Manusia telah menzhalimi dirinya ketika ia memilih untuk memegang
kendali pilihan bebas dirinya saat menghadapi godaan syahwat atau saat
menghadapi kehendak manhaj Allah SWT. Sementara makhluk-makhluk yang
menundukkan dirinya kepada pilihan Allah, tidak menghadapi masalah
seperti ini.
Seluruh makhluk selain manusia, hidup mengalir secara mekanis
berdasarkan kehendak Allah, dan terbebas dari kesalahan melakukan
pilihan bagi dirinya. Kemudian, ayat-ayat tadi memberikan informasi yang
menenangkan manusia; yakni sekalipun manusia suatu kali pernah
melakukan pilihan yang bodoh, sehingga melanggar kehendak dan ketentuan
Allah, namun Allah berkehendak untuk memberikan cahaya penerang baginya
yang menuntutnya dalam mengarungi kehidupanya, memberikan kesempatan
baginya untuk bertaubat kepada Allah, dan memberikan keringanan baginya
atas kesalahan dan kekeliruan yang telah ia lakukan.

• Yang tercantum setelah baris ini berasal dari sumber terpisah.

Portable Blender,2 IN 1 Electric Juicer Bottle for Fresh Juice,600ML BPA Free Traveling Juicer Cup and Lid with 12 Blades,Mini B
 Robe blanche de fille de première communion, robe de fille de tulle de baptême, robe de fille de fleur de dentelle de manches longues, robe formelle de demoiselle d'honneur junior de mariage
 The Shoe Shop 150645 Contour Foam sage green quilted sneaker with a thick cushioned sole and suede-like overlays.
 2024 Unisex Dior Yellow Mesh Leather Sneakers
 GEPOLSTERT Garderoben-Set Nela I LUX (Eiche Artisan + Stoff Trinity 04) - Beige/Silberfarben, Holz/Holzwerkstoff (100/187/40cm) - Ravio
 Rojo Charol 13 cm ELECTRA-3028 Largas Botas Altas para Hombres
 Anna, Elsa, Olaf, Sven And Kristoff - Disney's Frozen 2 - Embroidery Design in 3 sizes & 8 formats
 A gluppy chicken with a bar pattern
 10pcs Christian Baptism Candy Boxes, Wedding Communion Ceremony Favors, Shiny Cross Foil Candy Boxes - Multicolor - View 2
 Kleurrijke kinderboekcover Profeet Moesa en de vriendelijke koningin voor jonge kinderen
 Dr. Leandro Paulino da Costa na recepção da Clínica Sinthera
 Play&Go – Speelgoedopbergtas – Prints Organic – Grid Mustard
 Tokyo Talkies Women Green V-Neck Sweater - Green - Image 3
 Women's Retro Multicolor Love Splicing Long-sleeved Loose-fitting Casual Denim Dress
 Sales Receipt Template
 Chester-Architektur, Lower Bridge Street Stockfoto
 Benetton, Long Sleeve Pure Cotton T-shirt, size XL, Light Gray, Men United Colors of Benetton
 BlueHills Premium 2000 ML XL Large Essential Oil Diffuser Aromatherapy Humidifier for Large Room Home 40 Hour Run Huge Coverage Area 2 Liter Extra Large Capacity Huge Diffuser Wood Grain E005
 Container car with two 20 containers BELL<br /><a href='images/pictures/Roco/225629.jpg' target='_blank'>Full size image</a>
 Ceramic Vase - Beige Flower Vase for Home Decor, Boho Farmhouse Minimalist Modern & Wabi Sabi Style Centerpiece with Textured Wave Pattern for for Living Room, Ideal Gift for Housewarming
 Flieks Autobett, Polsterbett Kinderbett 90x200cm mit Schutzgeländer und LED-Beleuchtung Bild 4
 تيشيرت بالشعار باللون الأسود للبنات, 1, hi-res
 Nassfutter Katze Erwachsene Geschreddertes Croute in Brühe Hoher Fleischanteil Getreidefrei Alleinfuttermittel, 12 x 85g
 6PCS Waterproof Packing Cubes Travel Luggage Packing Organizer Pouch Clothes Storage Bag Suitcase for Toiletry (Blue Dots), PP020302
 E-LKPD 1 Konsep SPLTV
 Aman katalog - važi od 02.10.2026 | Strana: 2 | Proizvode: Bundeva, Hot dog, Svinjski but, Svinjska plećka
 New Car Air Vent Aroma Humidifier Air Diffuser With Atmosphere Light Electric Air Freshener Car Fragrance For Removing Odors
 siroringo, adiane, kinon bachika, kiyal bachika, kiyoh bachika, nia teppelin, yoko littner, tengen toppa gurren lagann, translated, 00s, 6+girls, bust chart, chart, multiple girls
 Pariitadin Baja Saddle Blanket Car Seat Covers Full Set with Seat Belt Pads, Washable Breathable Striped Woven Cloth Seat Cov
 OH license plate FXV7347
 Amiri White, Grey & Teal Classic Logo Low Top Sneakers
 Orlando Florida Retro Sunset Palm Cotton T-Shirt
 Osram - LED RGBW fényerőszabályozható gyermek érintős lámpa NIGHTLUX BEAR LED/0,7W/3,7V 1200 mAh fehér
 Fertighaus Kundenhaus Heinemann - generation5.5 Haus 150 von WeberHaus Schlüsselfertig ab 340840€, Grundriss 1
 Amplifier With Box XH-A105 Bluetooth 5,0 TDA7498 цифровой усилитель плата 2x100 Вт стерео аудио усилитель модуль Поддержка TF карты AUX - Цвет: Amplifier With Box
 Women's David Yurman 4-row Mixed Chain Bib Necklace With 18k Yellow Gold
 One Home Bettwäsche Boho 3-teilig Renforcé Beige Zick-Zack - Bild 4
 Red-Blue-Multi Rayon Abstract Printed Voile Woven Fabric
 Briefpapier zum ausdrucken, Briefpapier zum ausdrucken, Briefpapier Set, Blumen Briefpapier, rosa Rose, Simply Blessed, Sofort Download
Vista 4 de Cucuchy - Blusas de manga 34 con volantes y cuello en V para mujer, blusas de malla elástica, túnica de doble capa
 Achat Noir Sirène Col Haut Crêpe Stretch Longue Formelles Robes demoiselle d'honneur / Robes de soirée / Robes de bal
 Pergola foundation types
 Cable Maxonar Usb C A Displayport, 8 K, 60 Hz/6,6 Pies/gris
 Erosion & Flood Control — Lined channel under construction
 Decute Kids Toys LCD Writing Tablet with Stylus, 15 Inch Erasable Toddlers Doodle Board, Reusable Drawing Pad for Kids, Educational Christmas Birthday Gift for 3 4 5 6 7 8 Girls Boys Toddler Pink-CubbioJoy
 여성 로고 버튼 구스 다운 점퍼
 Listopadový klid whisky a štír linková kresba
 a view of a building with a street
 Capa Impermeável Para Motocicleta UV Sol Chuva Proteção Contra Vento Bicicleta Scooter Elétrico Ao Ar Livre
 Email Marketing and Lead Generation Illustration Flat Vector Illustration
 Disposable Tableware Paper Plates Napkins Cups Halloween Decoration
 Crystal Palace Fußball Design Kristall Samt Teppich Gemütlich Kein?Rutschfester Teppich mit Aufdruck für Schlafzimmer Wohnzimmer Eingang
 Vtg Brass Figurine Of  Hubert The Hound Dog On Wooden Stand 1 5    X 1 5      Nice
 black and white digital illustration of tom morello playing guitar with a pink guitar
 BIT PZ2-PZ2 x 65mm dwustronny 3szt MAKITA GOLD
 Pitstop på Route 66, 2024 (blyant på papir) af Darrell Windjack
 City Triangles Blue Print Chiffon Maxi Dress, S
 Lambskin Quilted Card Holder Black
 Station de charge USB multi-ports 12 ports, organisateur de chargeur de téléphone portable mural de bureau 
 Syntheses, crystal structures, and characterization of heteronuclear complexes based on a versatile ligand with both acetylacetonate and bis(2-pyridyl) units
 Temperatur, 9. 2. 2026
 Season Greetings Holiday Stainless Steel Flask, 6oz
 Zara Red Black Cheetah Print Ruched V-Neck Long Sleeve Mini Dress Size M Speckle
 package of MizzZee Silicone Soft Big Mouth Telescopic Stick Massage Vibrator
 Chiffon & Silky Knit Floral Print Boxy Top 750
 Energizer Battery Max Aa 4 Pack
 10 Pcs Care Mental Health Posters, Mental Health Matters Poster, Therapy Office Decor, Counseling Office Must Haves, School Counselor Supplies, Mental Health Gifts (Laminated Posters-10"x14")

Allah SWT berkehendak, jika manusia menjauhkan dirinya dari
faktor-faktor yang dapat mendekatkan dirinya dari dosa-dosa besar,
niscaya Allah SWT akan memberikan balasan bagi tindakannya itu dengan
menganugerahkannya penghapusan dan pengampunan dosa-dosa kecilnya.
Seluruh berita tadi memberikan ketenangan bagi jiwa manusia, sehingga ia
tidak berputus asa saat ia terlanjur melakukan pilihan yang bodoh dan
melakukan perbuatan yang melanggar ketentuan Allah. Di sini, Allah SWT
menjelaskan bahwa: "Aku adalah Pencipta-mu, dan Aku mengetahui bahwa
engkau lemah, karena engkau menghadapi pilihan dua titian jalan, kedua
titian jalan itu menggodamu untuk memilih salah satunya. Yaitu titian
jalan taklif 'beban' Allah yang mengandung kebaikan bagimu, dan pahala
yang menunggu di ujung jalan itu. Hal ini menggoda dan mendorongmu untuk
meniti jalan ini. Dan ada titian jalan syahwat dan kenikmatan yang
instan. Ini juga menggodamu untuk memilihnya".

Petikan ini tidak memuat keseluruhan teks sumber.